E-Bulletin June 2024


Greatly supported by the excellent cooperation within IALA, the Danish Maritime Authority (DMA) strives to develop and implement new methods and components in order to create increasingly more cost-effective and reliable aids to navigations (AtoN).

One striking result of this development is that it has reduced the number of buoy tenders operated by DMA from seven to one in 30 years.

For decades DMA has used primary alkaline batteries in AtoNs. This is a well-proven and reliable technology.

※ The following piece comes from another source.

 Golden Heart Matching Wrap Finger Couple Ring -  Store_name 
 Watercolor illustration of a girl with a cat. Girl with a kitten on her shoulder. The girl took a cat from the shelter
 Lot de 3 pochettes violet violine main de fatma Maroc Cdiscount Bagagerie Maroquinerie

However, the management and handling of the batteries is a time consuming and demanding process and the DMA alkaline set-up is at present a limitation to the lifespan at sea of a lighted buoy.

The DMA aims for a ten year life at sea for lighted steel buoys

After implementing a stronger and more reliable painting system on its steel buoys, the stipulated operational time for buoys at sea regarding painting is ten years, while the present alkaline set-up will only be able to supply the buoy for approximately seven years depending on the light character.

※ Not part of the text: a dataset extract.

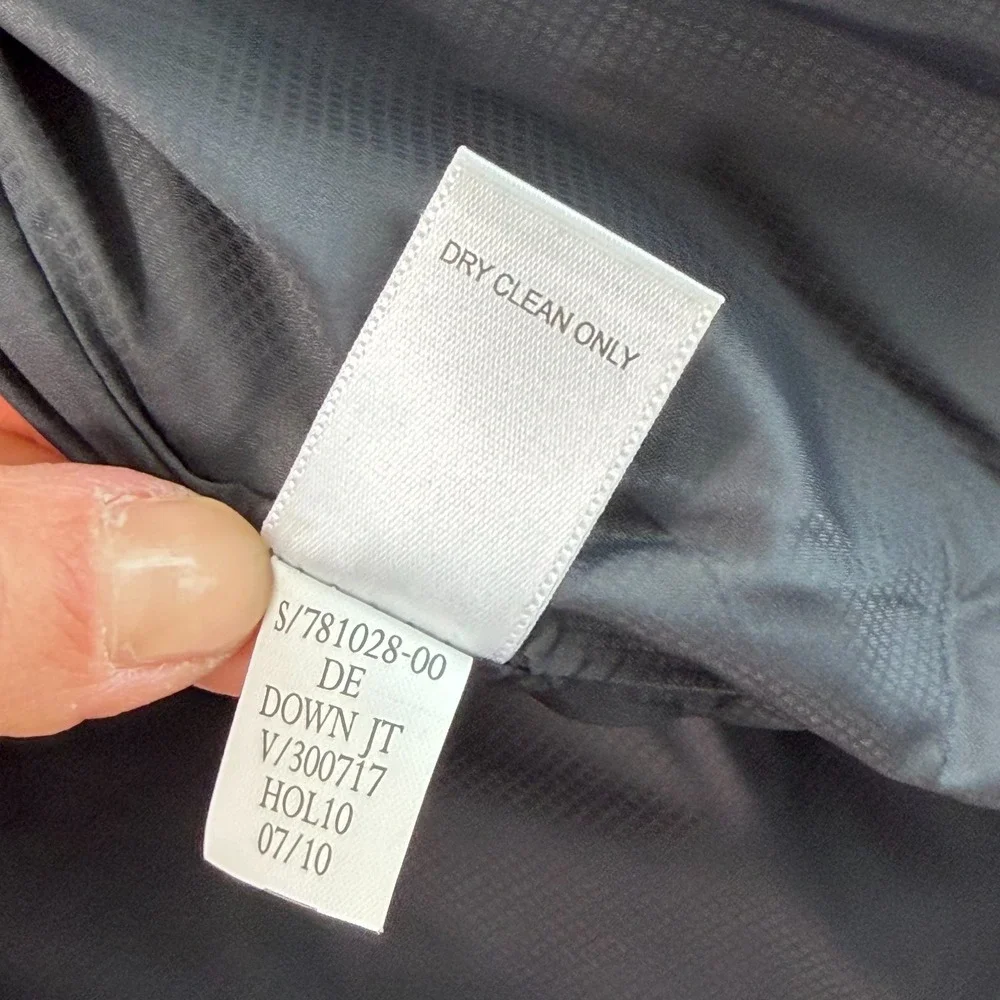 Banana Republic Down Puffer Jacket‎ Men Small Grey Wool Blend Hidden Hood Zip Up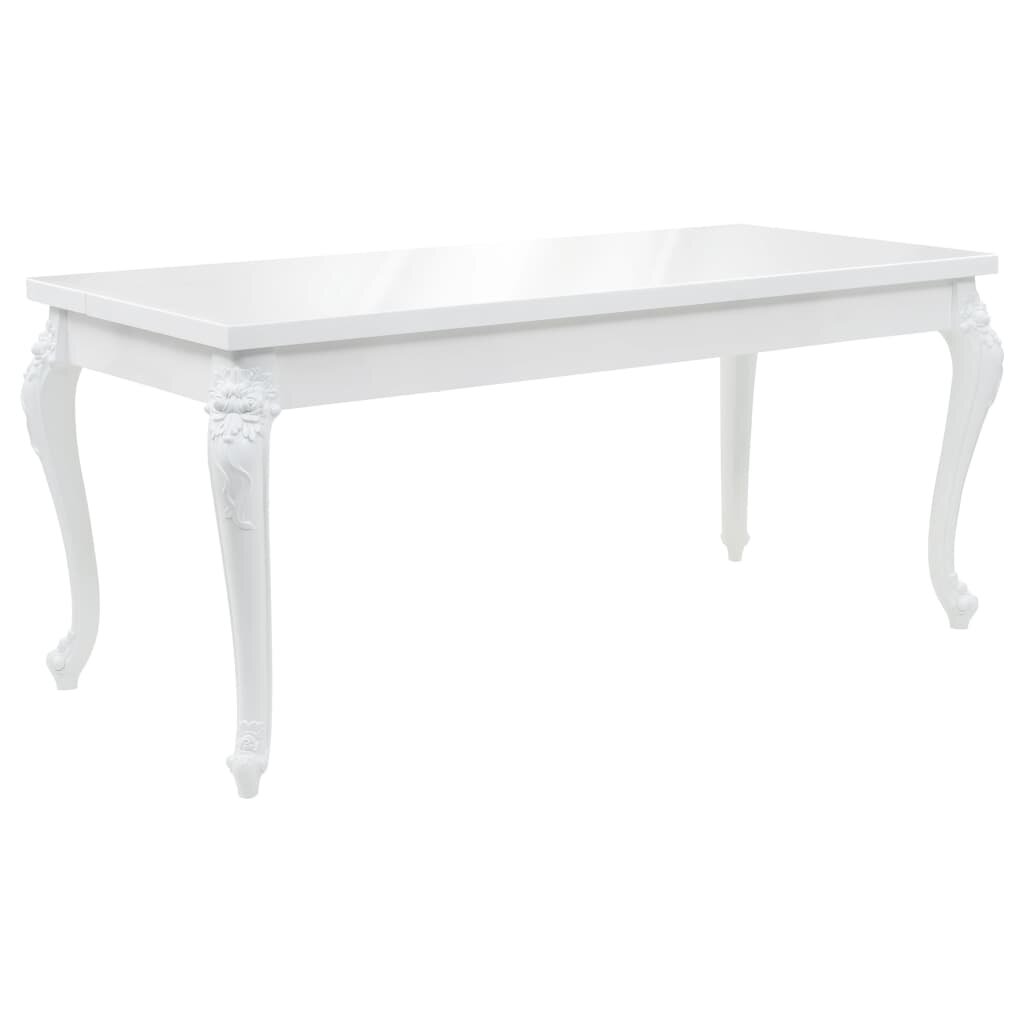 vidaXL Трапезна маса 179x89x81 см висок гланц бяла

In an effort to optimize the power supply of the buoy further, the DMA is conducting trials with Li-Ion batteries. This aims at increasing the life at sea of lighted steel buoys from seven to ten years. 

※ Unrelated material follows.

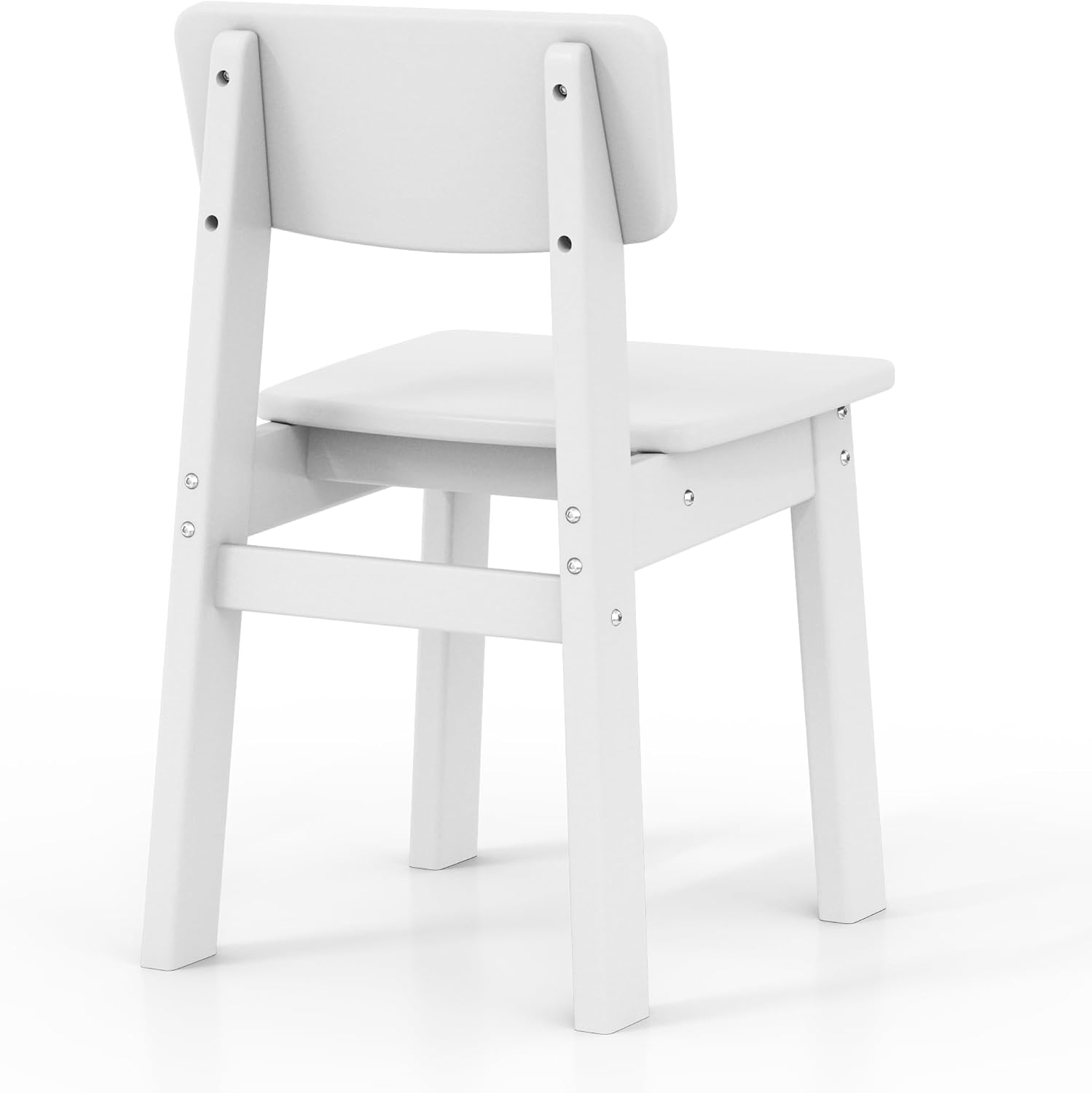 WestinTrends Tiny Terraces Outdoor HDPE Kids Modern Plastic Toddler Dining Chairs (Set of Two), White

The advantage of Li-Ion cells is the relatively large capacity with less weight and volume compared with alkaline batteries and the ability to be charged. Small self-contained units including integrated solar panels and Li-Ion battery packs are used in the Danish trial. It seems that they can be protected against the harsh environment at sea, including the risk of icy conditions, due to their size.

Furthermore, it is reported that they are easy to handle due to their low weight. An additional advantage is that it is possible to replace the battery or the entire self-contained unit at sea, should needs be, making logistics and operation even more effective. Technology is also dramatically reducing the need for battery recycling.

In 2019 trials were initiated for a period of five years in order to have a reasonable long-term experience with Li-Ion technology. Trials were commenced with four buoys and an additional five buoys will be included in the trial in 2023 to broaden test records.  

In order to handle the long and dark winters of Scandinavia, the set-up includes an autonomy of 45 days with a battery capacity of 135Ah at 14.5 V.

Lithium batteries are safe, but if treated incorrectly they can pose a risk including, for example, fire caused by high temperature, low and high voltage, physical impact and shocks. Once installed at sea, the risk of personal danger is minimal. On the buoy tender safety measures includes specific handling procedures and a customized fire safe storage box on the deck.

The results so far are promising; the theoretical charge of the batteries in the winter period corresponds with actual measured values. When the test trial of five charge cycles has been completed it can be assessed if the self-contained concept will meet the goal of a ten year life span.

The illustrations here show the buoy and the Li-Ion battery pack.